Week #3 Blog — Content and Location — Dafne Trejo

I’ve been mulling over what to base my project on for the past couple of days.

What is code-switching? I know what it is, because I do it every day. I switch between how I talk to white elders and white teens, brown elders and brown teens, black elders and black teens. I switch between how I talk to people depending on whether or not I’m in a work uniform, a business outfit, or my everyday clothes.

I know what code-switching is, but I wasn’t sure on which topic I would like to do my project on until about an hour or two ago when I learned that my childhood dog had died — he drowned in my family’s pool.

My dog — Taco — was bilingual; he grew up in a household where English and Spanish reigned and he understood both languages pretty well. He was a smart dog. Was.

I think I feel my emotions too strongly — sometimes to the point where my skin feels like it will split at any moment — and that’s because I feel them in both languages; I love in English and Spanish. I love my mother in Spanish and my brother in English — usually I do not find myself loving someone in both languages.

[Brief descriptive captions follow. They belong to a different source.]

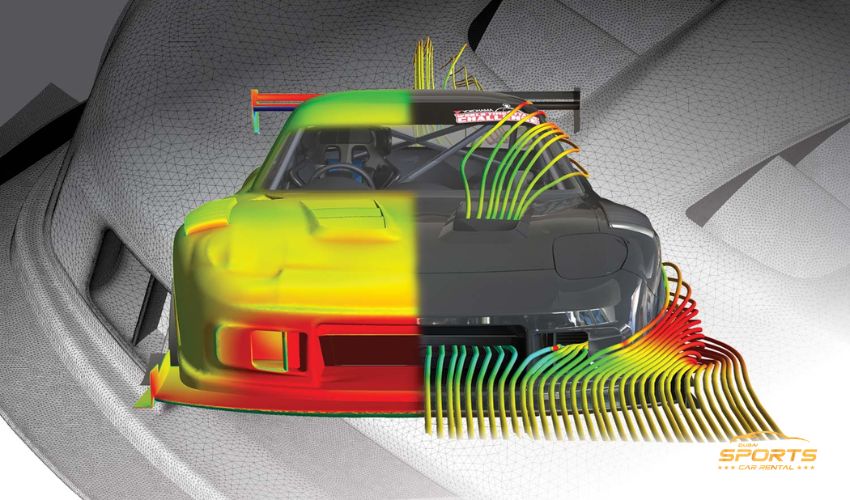 wrap a sports car aerodynamics is a challenge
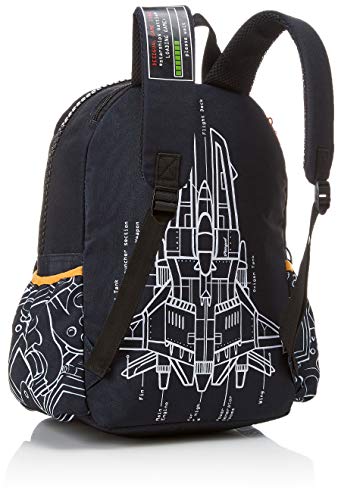 Desigual - Moch_sailing, Mochilas Niños, Negro, 13x39.5x31 cm (B x H T)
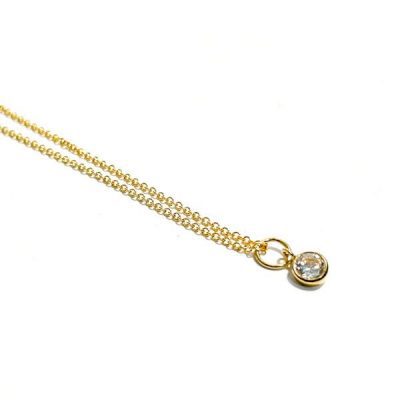 shiny gold ketting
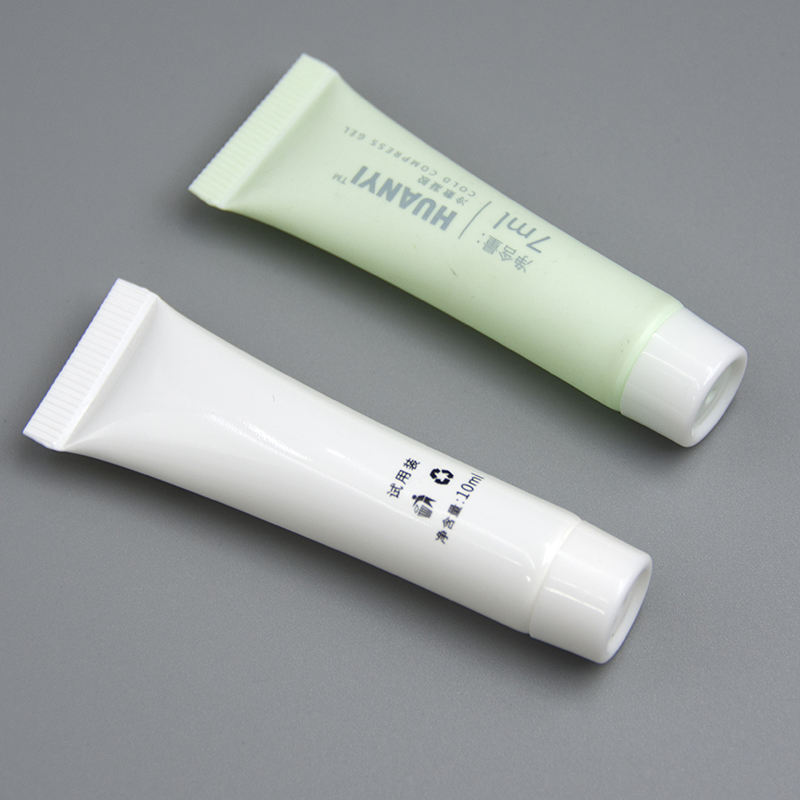 شعار مخصص ضغط أنبوب البلاستيك مستحضرات التجميل عينات فارغة لكريم الأساس الواقي من الشمس قناع جل منظف الوجه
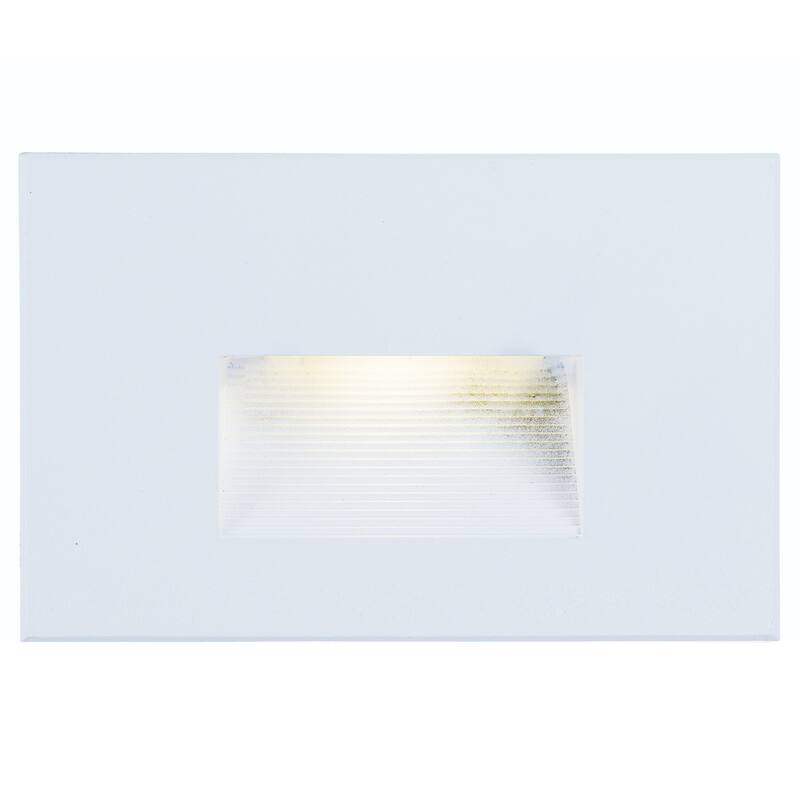 Maxim Path 5" x 3" Horizontal Indoor / Outdoor LED Step Light - White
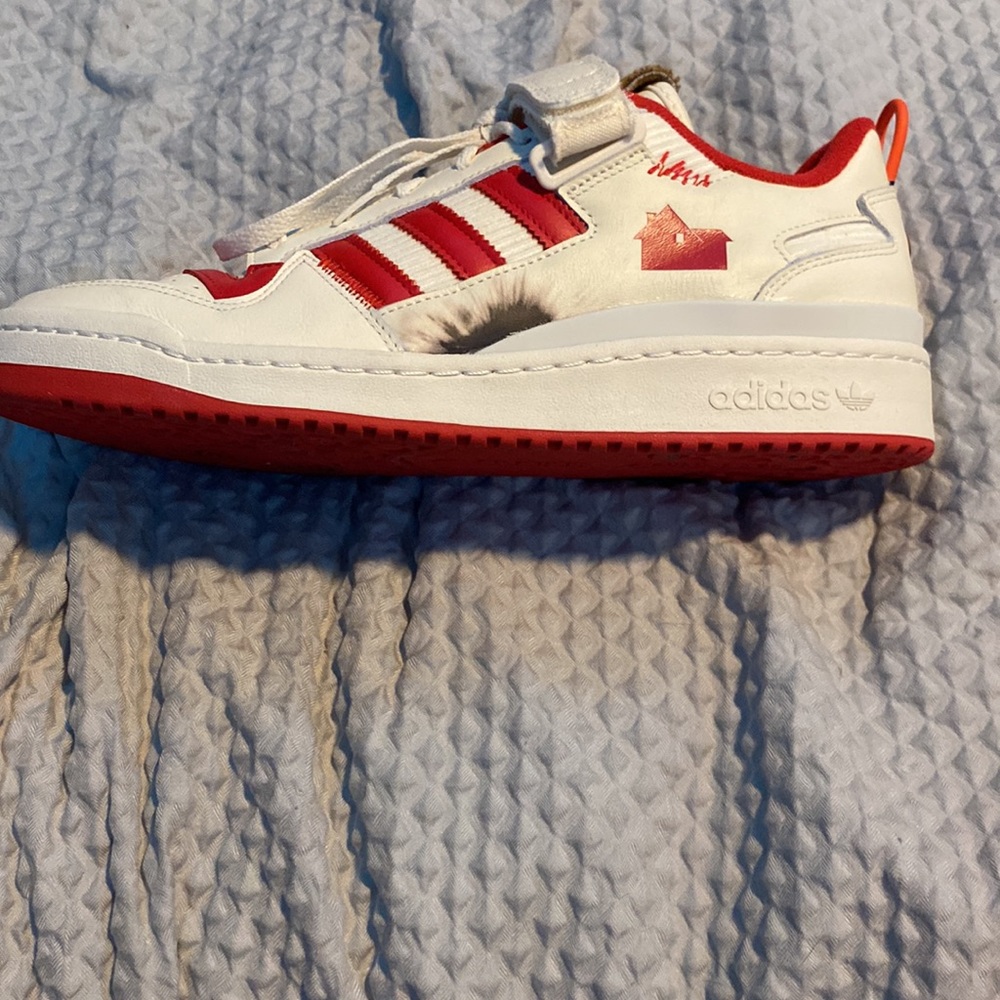 a pair of NMD ADDIDAS exclusive home alone collab - Picture 3 of 4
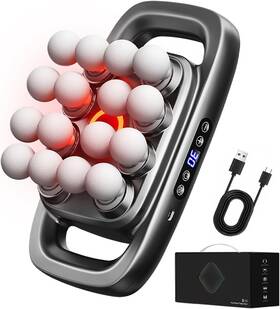 Izrio 739750150191 Relief Wave Pro 3 Massager 16-head Massage Gun Set Deep Tissue Percussion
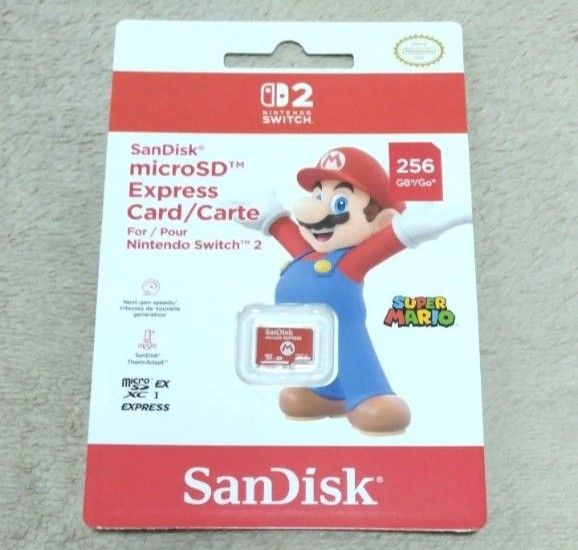 新品未開封!Nintendo Switch 2 +microSDカード256GB 新品未開封 Nintendo Switch 2 microSD Express Card 256GB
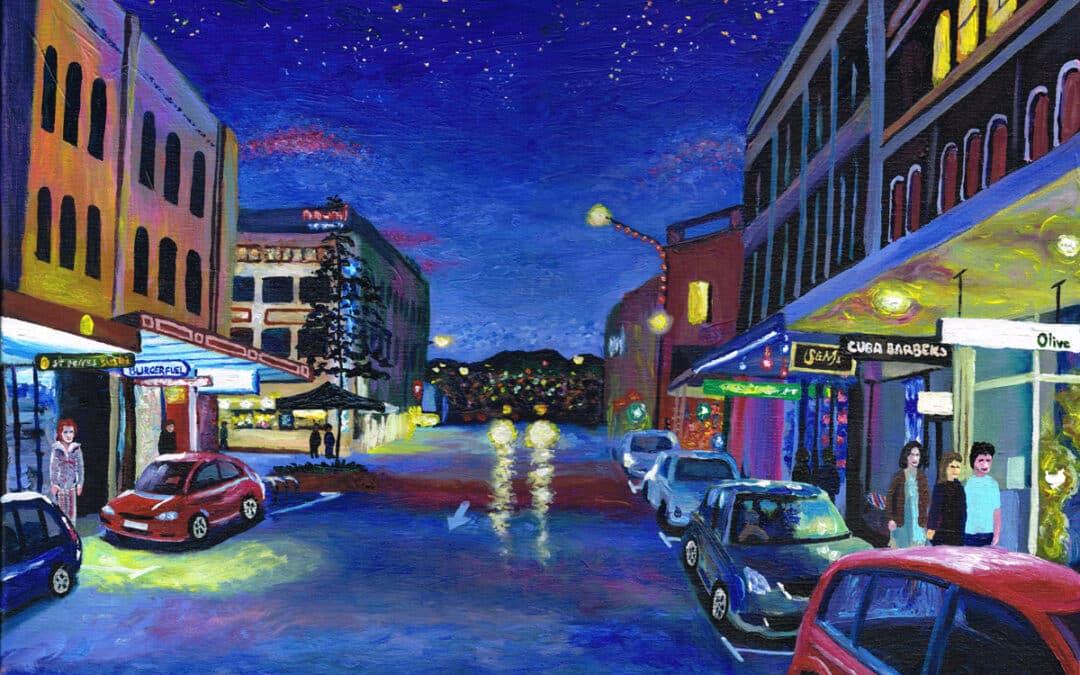 Cuba Street at Night, 2022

But Taco was different! I loved him in both languages and his gleaning, adoring eyes always knew my doting words were for him, no matter the tongue.

I have much to say about my dog’s death, and so I think that for this project, I’ll be writing him a poem.

As for the location, I think I would want it to be at the Revelle fountain, which has a patch of green grass where I often see dogs playing around. It may be a bit macabre for my location to be water-related, considering my dog drowned, but I think I want to address that aspect in my poem.